In a previous post about teacher well-being, we looked at how schools can look after their teachers. Teacher well-being has become an increasingly hot topic that needs to be addressed by all, and when I say by all I mean just that. Even the teachers themselves. In this article we look at how teachers can look after their own well-being without relying solely on their school setting. Teachers, read on to to find out how you can do this…
This may sound selfish to some but it’s really not. You need to make sure you put your self first and prioritise things that are good for you so that you can look after your mental health. In order for you to be able to provide for the educational needs of children, you must above all, be healthy, both physically and mentally.
Do what relaxes you:
Make a pact with yourself that you will do something that relaxes you, if not every day, most days of the week. Whether that is exercising, reading a book or even watching TV, make sure you allow yourself time to do it. The more time you allow for yourself to relax the better you will be able to handle the pressure when you hit the crunch.
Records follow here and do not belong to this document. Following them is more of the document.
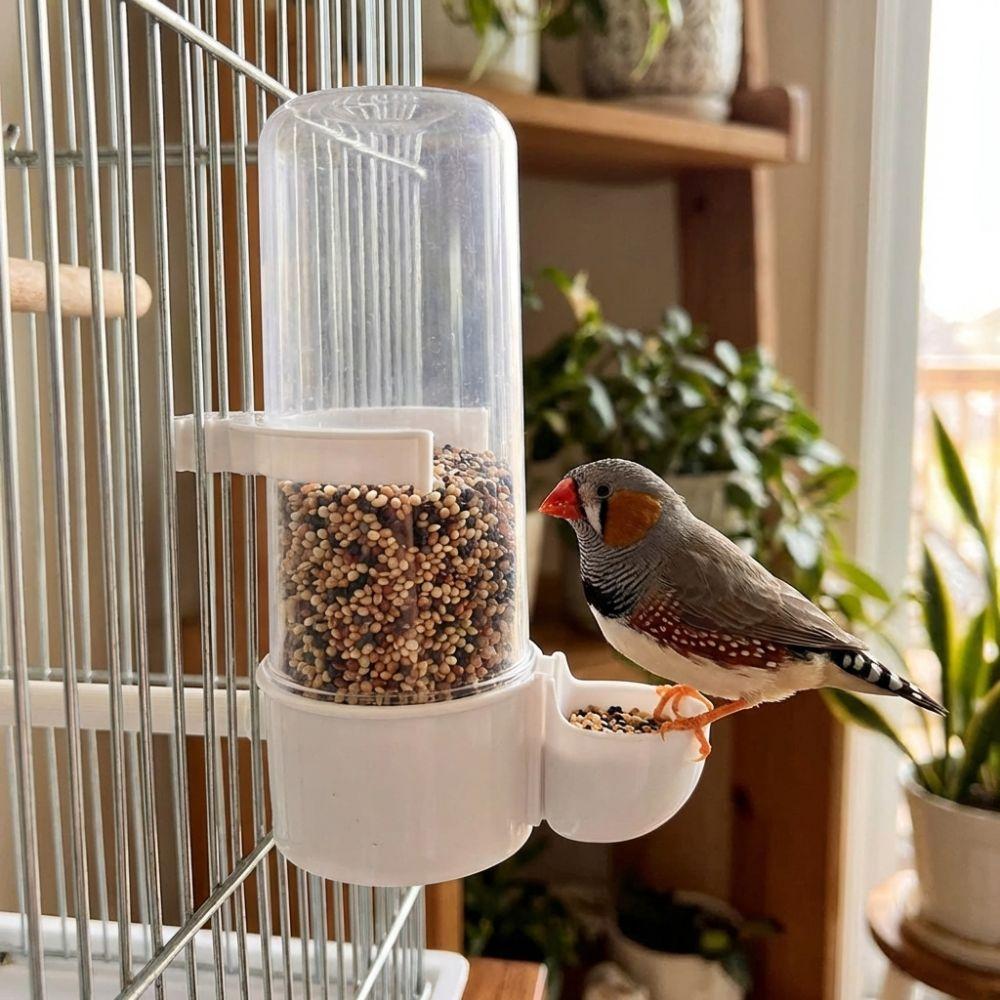 Plastic Bird Water Dispenser Leak-Proof Parrot Drinking Bottle Bird Food Container  Travel
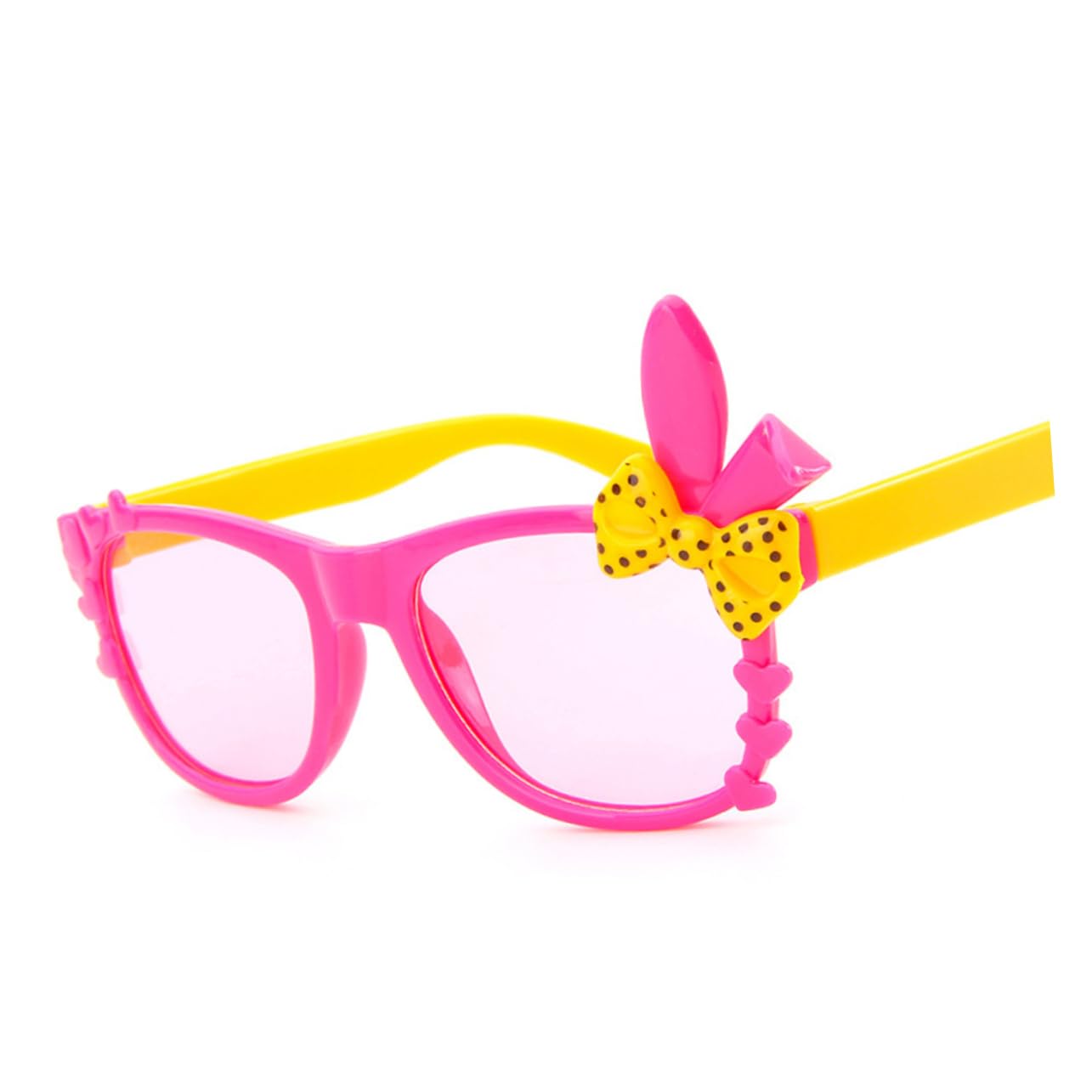 COLLBATH Easter Bunny Ear Sunglasses for Kids Polarized Funny Glasses Bowknot Design Random Color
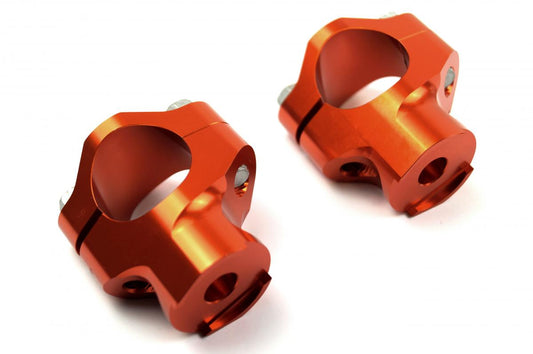 28.6 BAR MOUNTS KTM HUSQ, FIR ORANGE ASBRK-26, 59401038000 59401039042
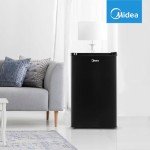 Midea WHS-160RB1 Single Reversible Compact Refrigerator, 4.4 Cubic Feet Fridge, Black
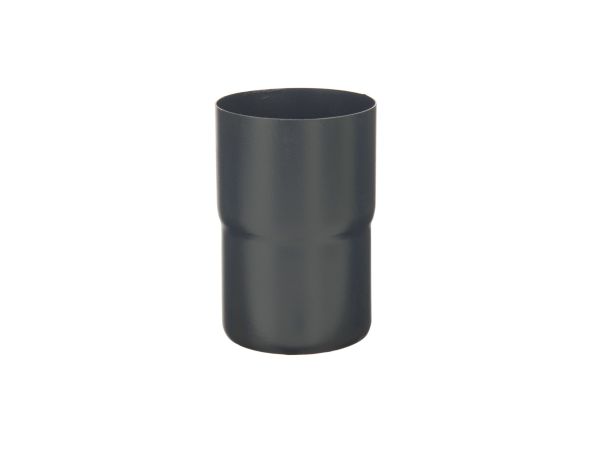 80mm Anthracite Steel Downpipe Connector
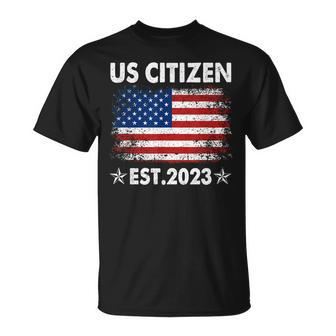 New Us Citizen Est 2023 American Immigrant Citizenship T-Shirt - Monsterry DE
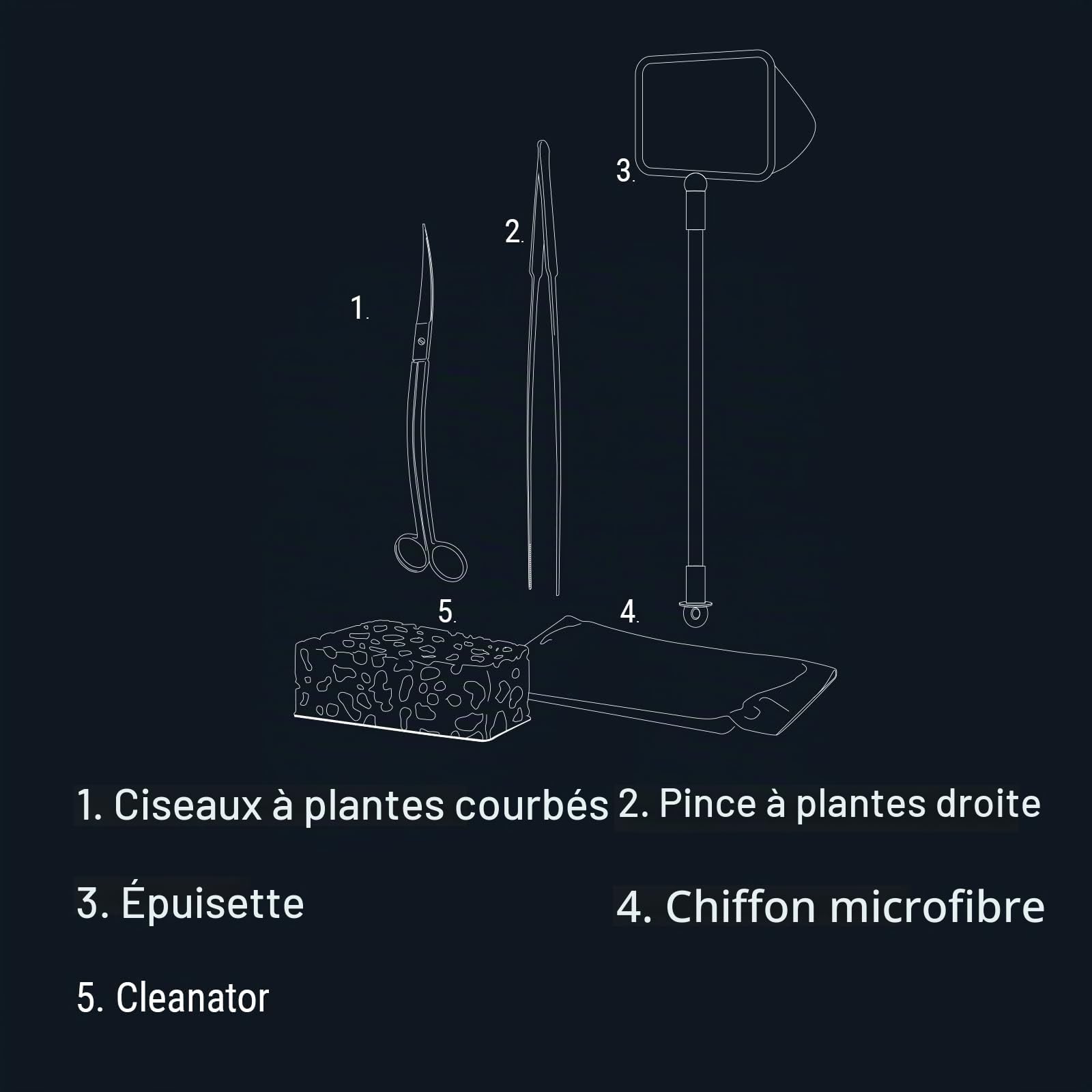 Dennerle Aquarium Care Set - kit d'entretien pour Aquariums d'eau Douce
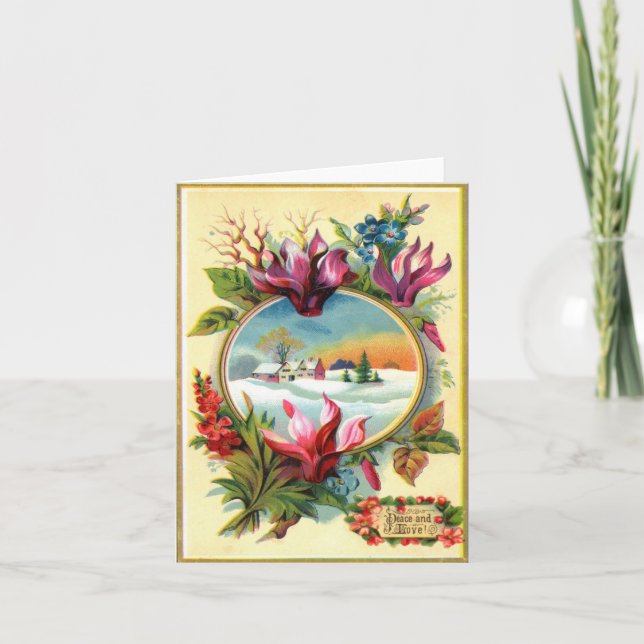 Carte Floral d'hiver (Devant)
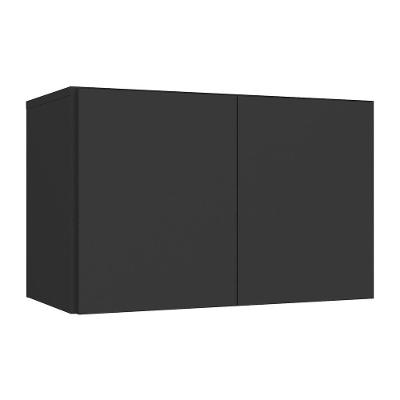 Armário De Lavanderia Aéreo Multiuso 2 Portas Multimóveis Mp5040 Preto Preto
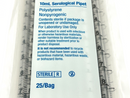 10ml Serological Pipet Polystyrene Nonpyrogenic 25/Bag - Maverick Industrial Sales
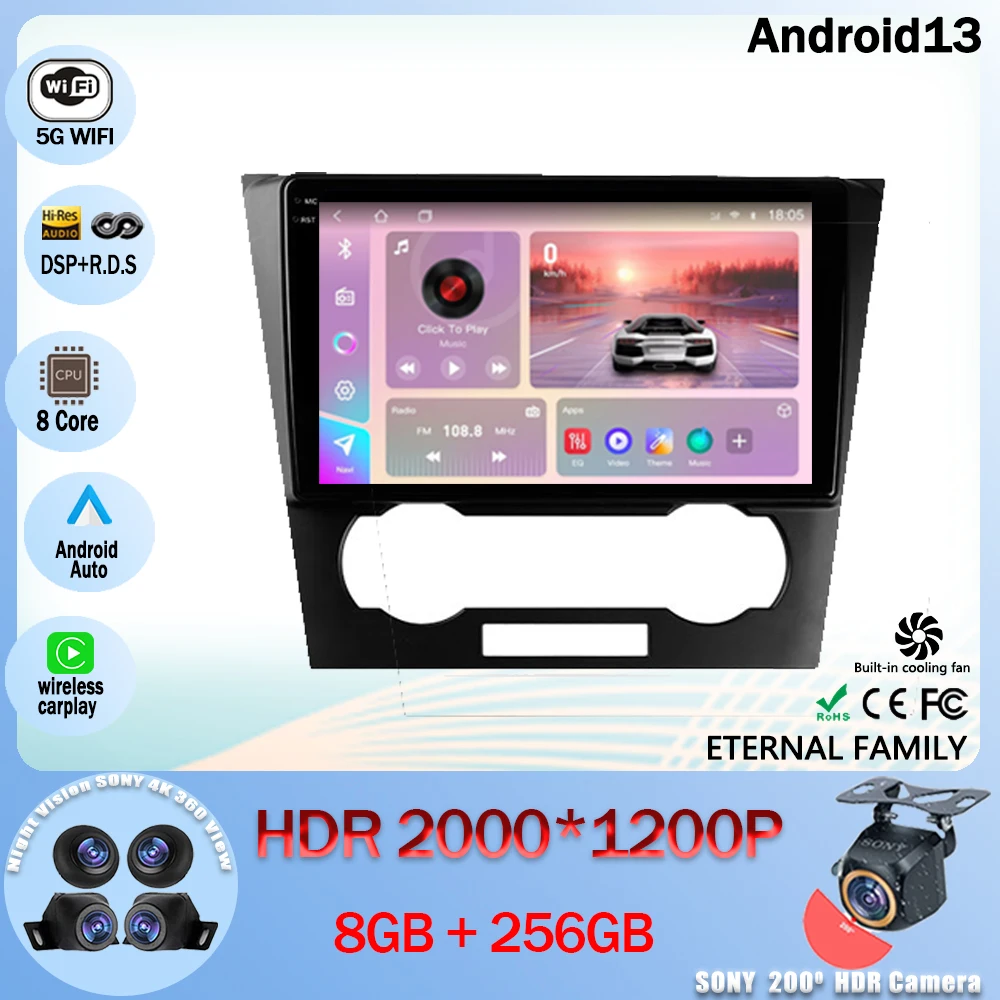 

Android 13 для Chevrolet Epica 1 2006 - 2012 сенсорная GPS-навигация для автомобильного видеоплеера, стереомагнитола, Φ WIFI, авто BT5.0 4G LET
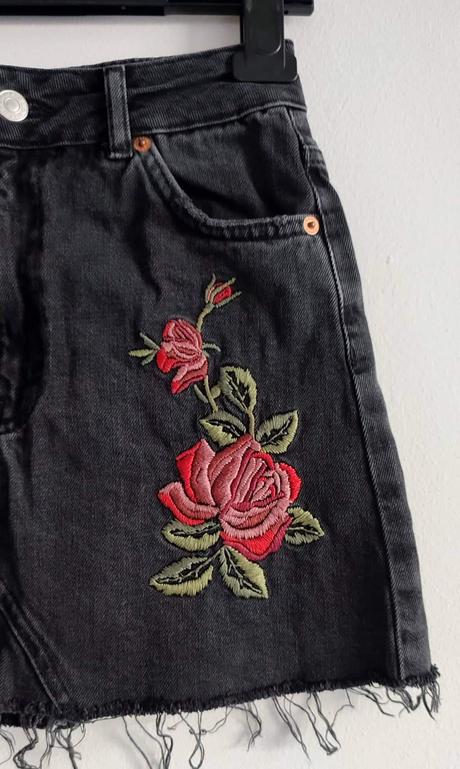 Riflová sukňa, topshop,xs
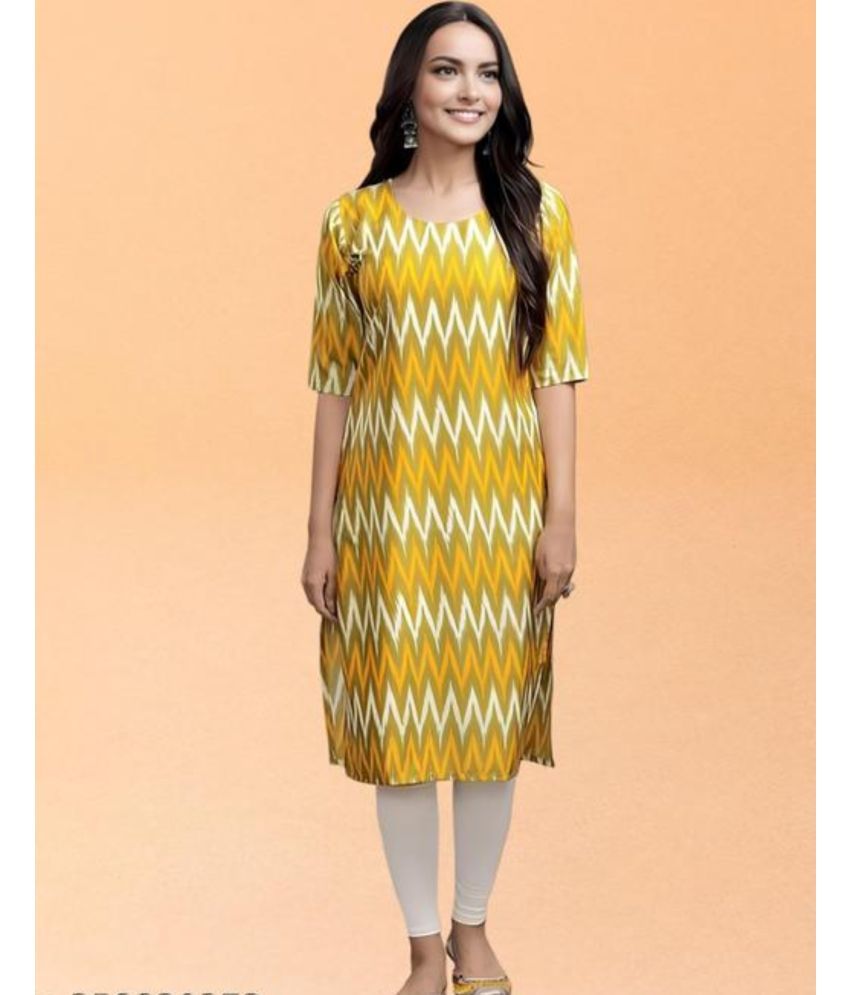     			AK FASHION MALL Pack of 1 Crepe Printed Straight Women's Kurti - ( Multicolor )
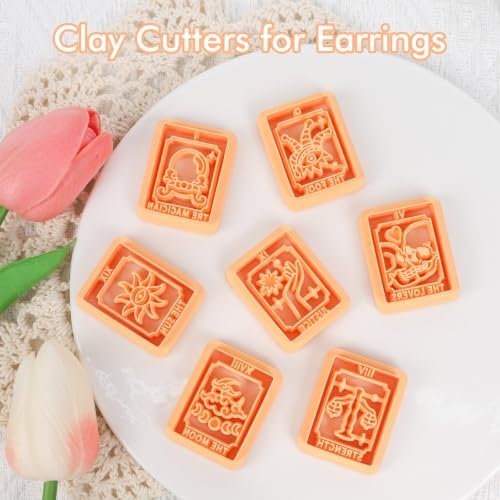 Puocaon Tarot Clay Cutters Polymer Clay Cutters for Jewelry Earrings Making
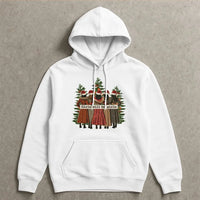 Christmas Best Friend Graphic Hoodie, Girls Will Be Girls Hoodie, Matching Holiday Sweatshirt, Adorable Winter Besties Hooded Pullover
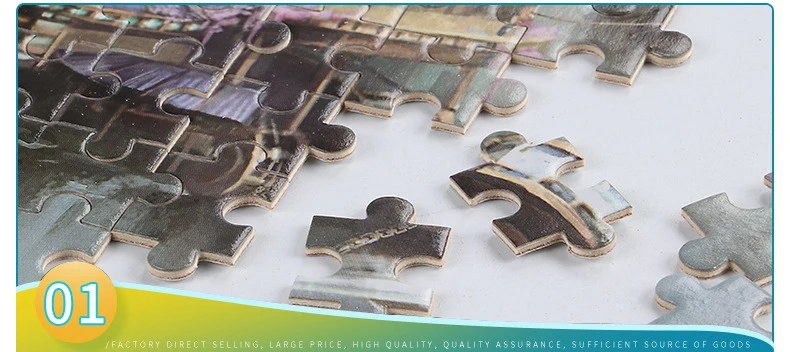 wooden Jigsaw puzzle 1000 pieces world famous painting adult children toys home decoration collect Assembling puzzles toy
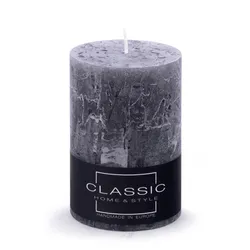 Świeca słupek rustykalna DONAU HOME, 70x100 mm, grafitowa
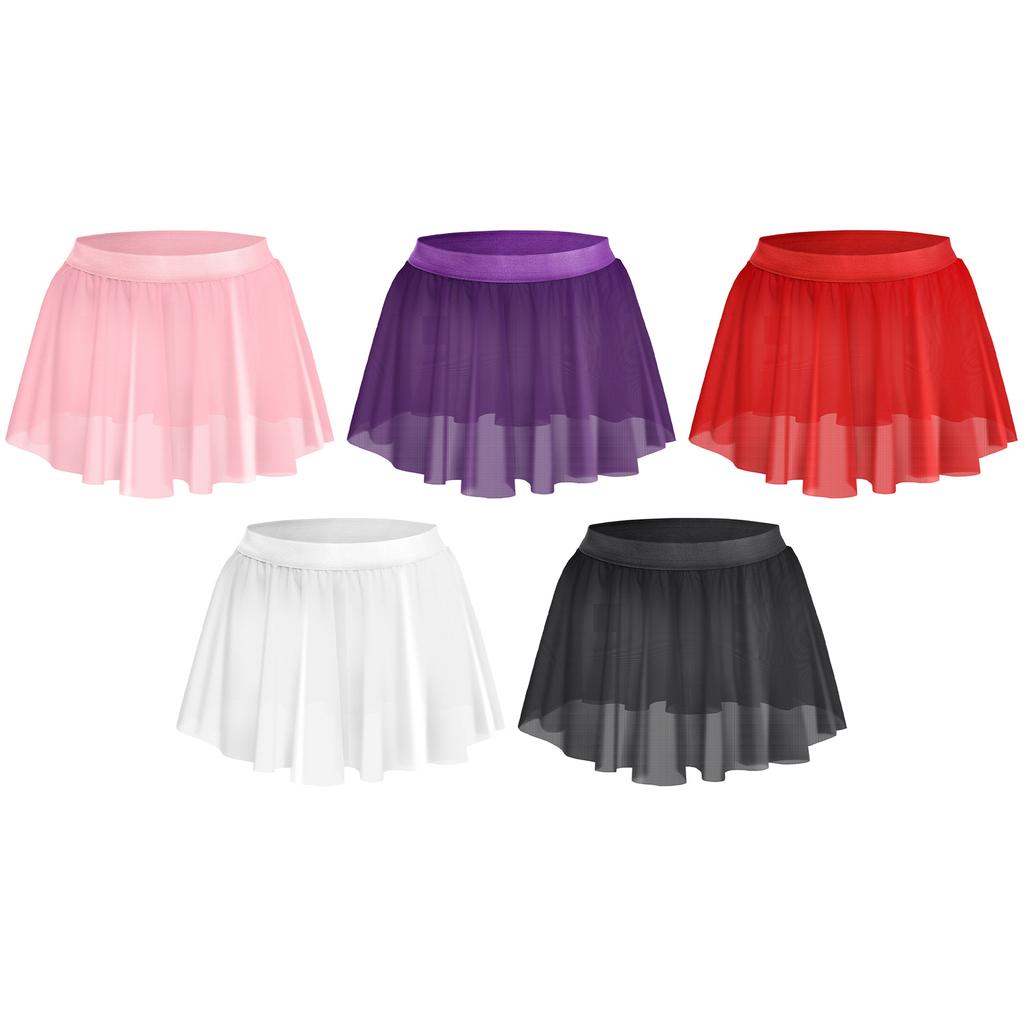 Mens See Through Mesh Ruffled Skirt Elastic Waistband Sheer Miniskirt Cross Dresser Costume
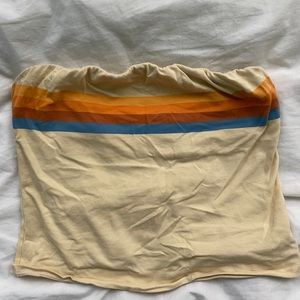 Retro Print Tube Top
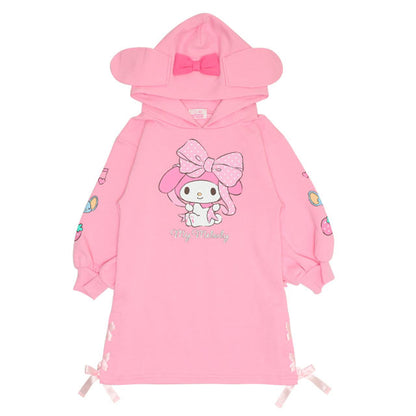 日本Sanrio 親子裝母女裝絲帶衞衣連身裙 - 小童 100-130cm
Mental health and physical well-being:
These two usually go hand in hand, as seen in the famous ancient Greek saying, “Νους υγιή εν σώματι υγιή” which means a healthy mind is found in a healthy body. Eat well, exercise and look after yourself. Teachers are by default such giving people, that many times they feel guilty if they look after themselves during and during the academic year, they allow it to slip. Most often than not, teachers tend to neglect themselves because of workload and pressure. This should by all costs be avoided. Look after yourself first so that you can look after your pupils better.
Rest over the weekend:
Use your weekends to take time out and switch off. As much as we love our work, it is imperative that we take time away from it. Do not feel guilty for doing so. Organise and schedule your week to avoid doing work related tasks over the weekend. Saturday and Sunday are meant for resting, and you should do just that – at least most weekends!
Organisation is key to keeping control of things. By being organised you can avoid stressful situations that will help you tackle your workload and teach without added pressure.
It is important to prioritise and promote self-awareness and teacher well-being as it will contribute to teachers’ increased productivity and longevity in their chosen profession. Ultimately, this will lead to healthier and more competent professionals that will be fit to teach children and equip them for the future. For those of you who may be wondering if I do all the above, no I don’t. This is an article for all teachers including myself – a sort of mental note. No one is perfect, we can all improve in certain areas and should aim to do so by helping and supporting each other as best we can.